— Exercise data —
○ ○ ○ ○ ○ ○ ○
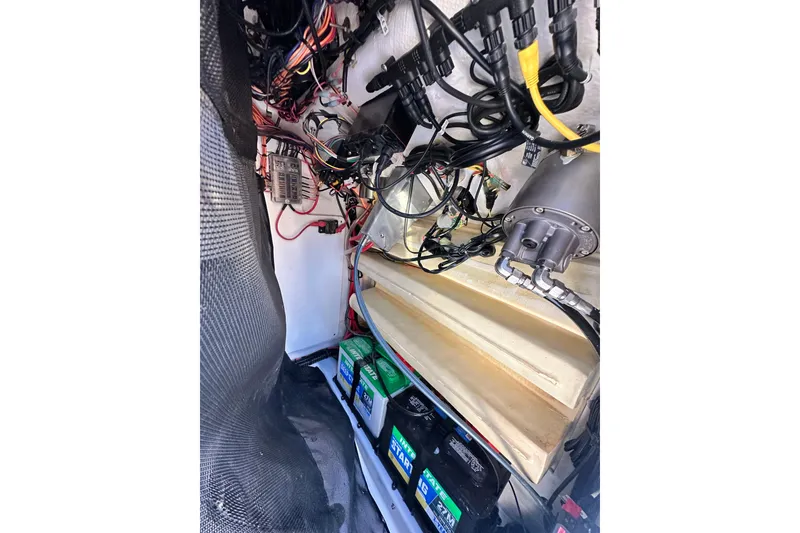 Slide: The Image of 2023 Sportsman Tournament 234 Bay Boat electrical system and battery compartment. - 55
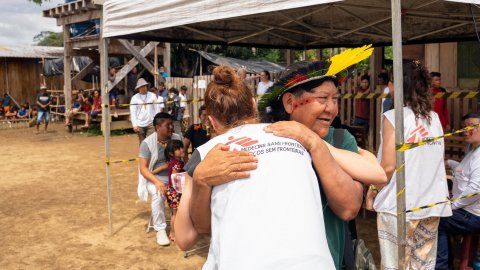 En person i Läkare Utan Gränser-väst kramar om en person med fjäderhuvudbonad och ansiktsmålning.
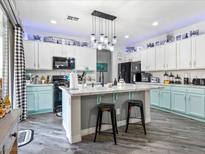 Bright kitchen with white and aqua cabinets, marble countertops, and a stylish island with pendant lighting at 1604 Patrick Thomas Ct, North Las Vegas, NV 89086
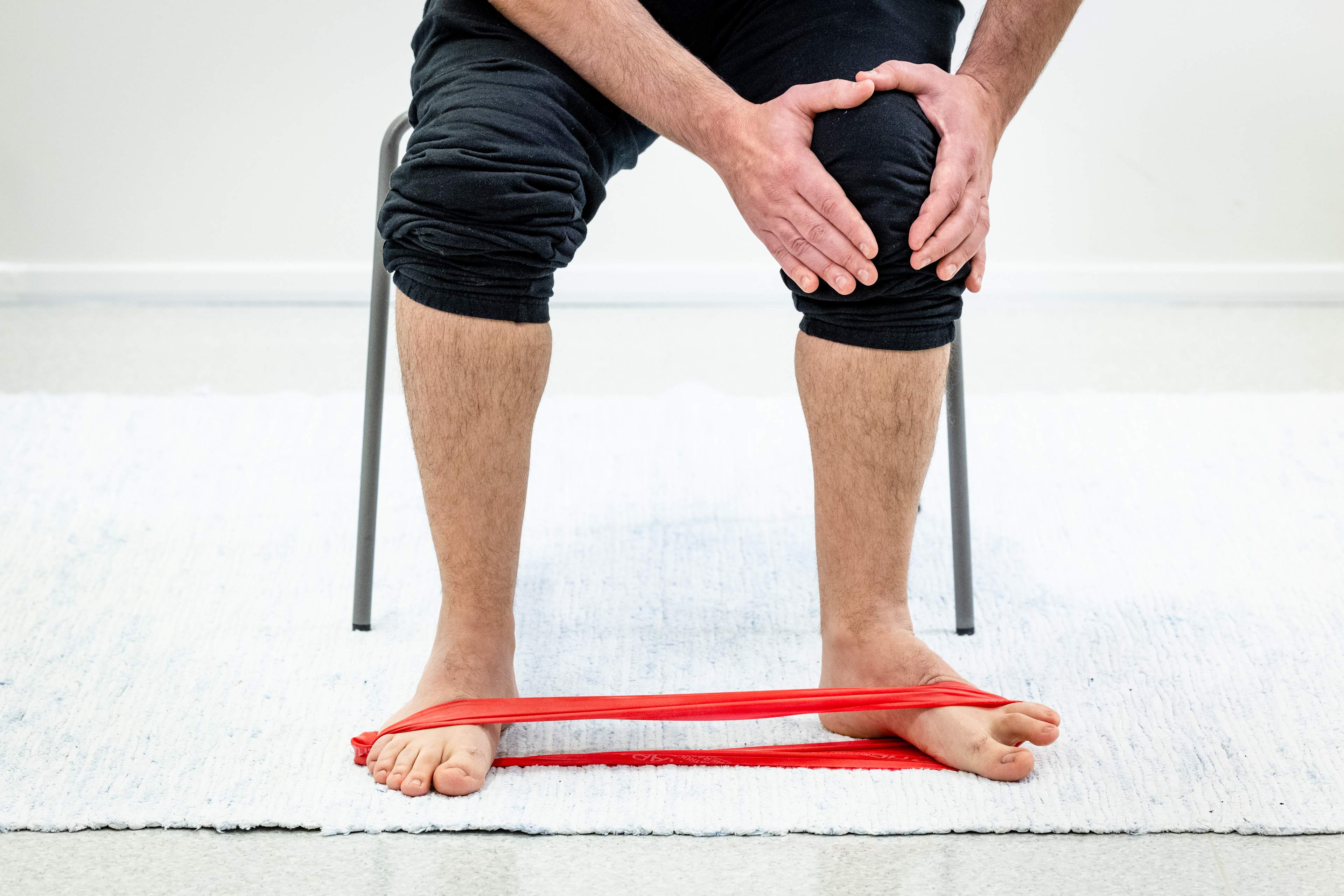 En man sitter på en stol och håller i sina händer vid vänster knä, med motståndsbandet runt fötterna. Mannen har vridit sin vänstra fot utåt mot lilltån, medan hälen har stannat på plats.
○ ○ ○ ○ ○ ○ ○
With the pictures excluded, the line containing "Bright kitchen with" and every line after it through the end of the data above are to be transcribed exactly, and nothing more.

— Answer for this exercise —
 Bright kitchen with white and aqua cabinets, marble countertops, and a stylish island with pendant lighting at 1604 Patrick Thomas Ct, North Las Vegas, NV 89086
 En man sitter på en stol och håller i sina händer vid vänster knä, med motståndsbandet runt fötterna. Mannen har vridit sin vänstra fot utåt mot lilltån, medan hälen har stannat på plats.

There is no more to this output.